The turret was hydraulically powered allowing for a full 360 degree spin in only 7 seconds. The rate of fire was 120 rounds per minute, with 326 rounds being stored in the turret.

=== Assembly ===
The turrets were assembled in Karlskoga by Bofors before being sent to Landskrona by rail to Landsverk to be mounted onto the chassis to complete production. The first vehicles were delivered in 1947, and were designated Luftvärnkanonvagn fm/43, with fm being an abbreviation of "försöksmodell", meaning "experimental model". It is unclear why this "experimental" designation was given.

== Performance ==
It was clear from the start that the initial vehicles had many problems. The tracks were much too narrow to compensate for the additional 7 tons added in comparison to the L-60, which caused the vehicle to sink into the ground due to the increased ground pressure, causing problems with the track and suspension system breaking and malfunctioning. Along with this, the vehicle was now badly underpowered, causing performance in relation to speed to be inadequate, only being able to reach 36 kph (22 mph). The Lengthening of the hull also proved to be problematic, as the vehicle was hard to steer with the unfavorable ratio of length to width. It was also not possible to fight effectively using the vehicle in bad weather conditions as the vehicle was only equipped with optical sights.

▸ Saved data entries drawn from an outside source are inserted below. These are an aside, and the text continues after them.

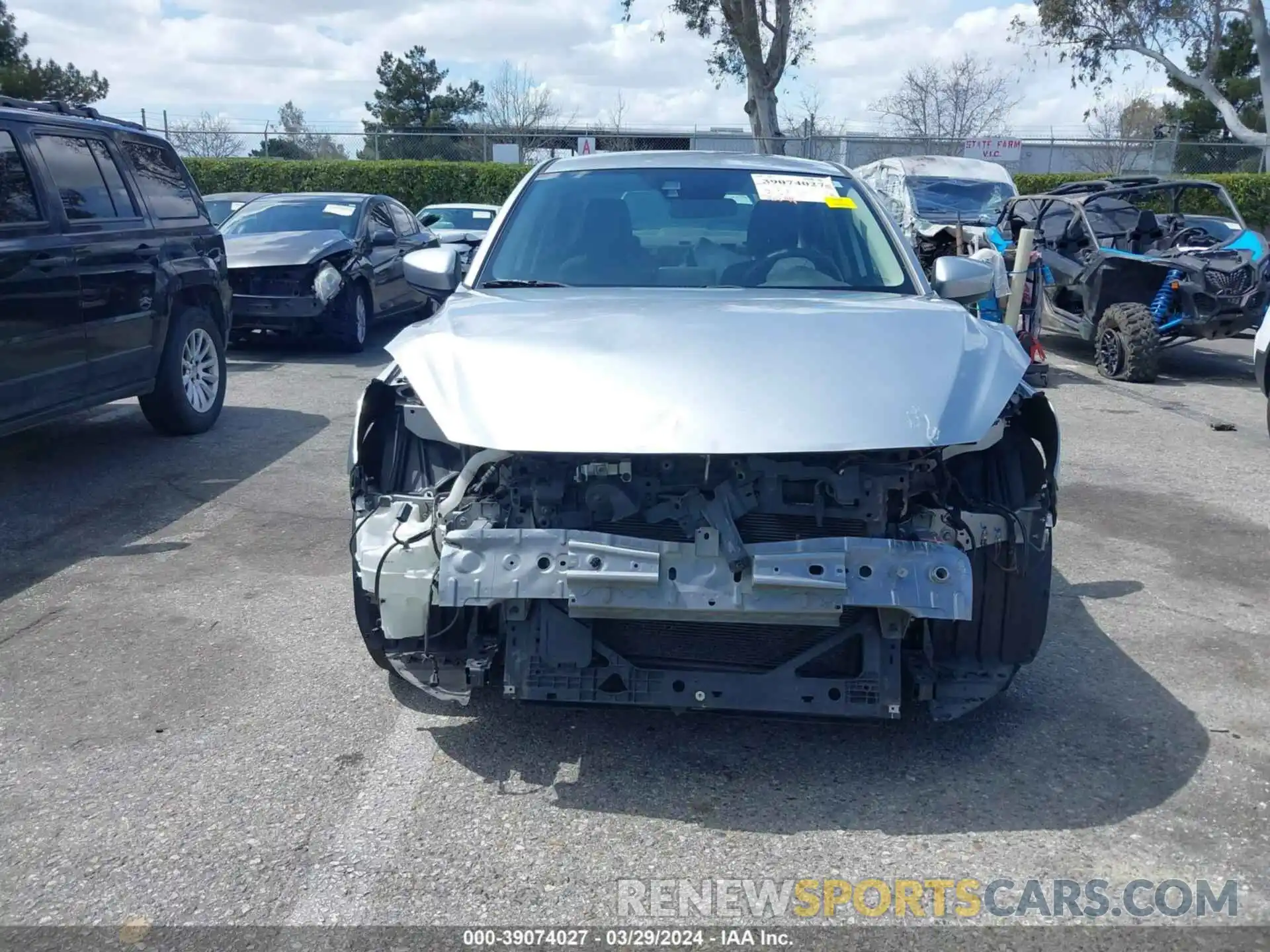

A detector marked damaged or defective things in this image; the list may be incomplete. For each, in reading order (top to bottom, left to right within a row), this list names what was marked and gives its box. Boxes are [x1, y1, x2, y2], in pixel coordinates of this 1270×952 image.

crumpled car hood [223, 232, 353, 270]
dark damaged sedan [226, 191, 444, 352]
silver damaged sedan [348, 153, 1062, 721]
crumpled car hood [386, 289, 1031, 457]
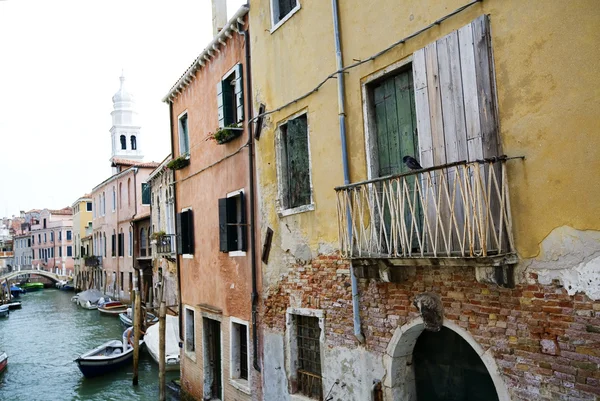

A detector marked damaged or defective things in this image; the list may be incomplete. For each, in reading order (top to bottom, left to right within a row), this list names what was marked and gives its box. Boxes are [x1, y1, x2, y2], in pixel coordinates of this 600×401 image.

peeling plaster wall [524, 227, 600, 298]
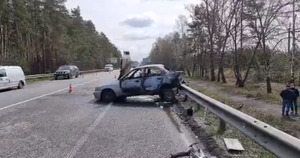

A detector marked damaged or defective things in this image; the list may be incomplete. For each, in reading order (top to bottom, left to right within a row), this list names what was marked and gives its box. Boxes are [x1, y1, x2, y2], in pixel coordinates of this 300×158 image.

severely damaged car [93, 64, 183, 102]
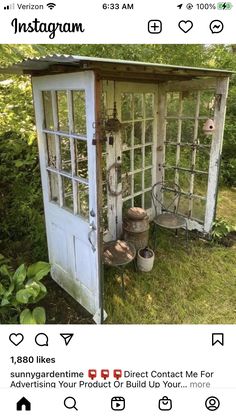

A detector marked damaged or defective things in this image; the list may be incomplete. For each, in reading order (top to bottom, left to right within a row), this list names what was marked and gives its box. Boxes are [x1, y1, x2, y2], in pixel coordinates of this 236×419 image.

rusty metal container [123, 207, 149, 249]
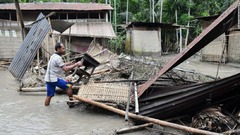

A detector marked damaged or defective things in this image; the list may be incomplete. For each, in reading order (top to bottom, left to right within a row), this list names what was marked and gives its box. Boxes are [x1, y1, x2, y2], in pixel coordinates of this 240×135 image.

rusty metal roof [62, 21, 116, 38]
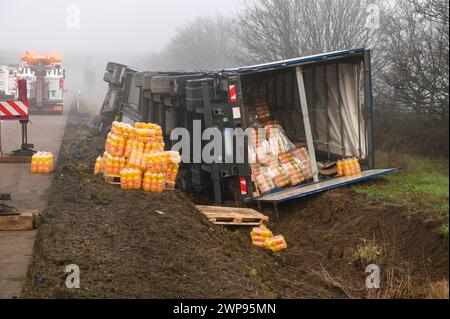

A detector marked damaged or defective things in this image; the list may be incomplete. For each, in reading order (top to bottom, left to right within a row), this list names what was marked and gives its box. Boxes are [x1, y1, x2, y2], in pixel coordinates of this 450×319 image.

=== Upgrades (Lvkv fm/43 (1957)) ===
In 1948 all vehicles delivered in the previous year were given wider tracks to fix the ground pressure issue, and all vehicles that hadn't been delivered yet were fitted with these wider tracks from the production line. In 1950 / 1951 the underpowered engines were swapped for 300 hk Maybach HL120 TRM engines taken from Germany after the end of World War 2. The engines were nearly twice as powerful, pushing the top speed of the vehicle to 55 kph (34 mph). Many other smaller upgrades and changes were made throughout the 1950s, such as the addition of an armored box to the turret for mounting an Ra 400 Radio with the spare wheels required to be carried on Swedish vehicles being placed atop this box. These upgrades made the vehicle slightly larger and heavier at 17 tonnes. The issue of being unable to fight in bad weather was never fixed.

== End of service ==
Despite the upgrades in 1948 and the early 1950s, the vehicle was never truly good, and never outgrew its initial problems. Even considering their initial purpose, too few of them were produced to fulfill the role they were built for. Plans were made in 1949 to replace the vehicles with the production of 275 new vehicles, with plans for the Luftvärnsvärnskanonvagn m/42 being drawn up but never produced due to economic problems.

In accordance to the reorganization of Swedish armored brigades once again in 1963, the vehicles were taken out of service and eventually scrapped in 1969 with no vehicle produced that would replace it.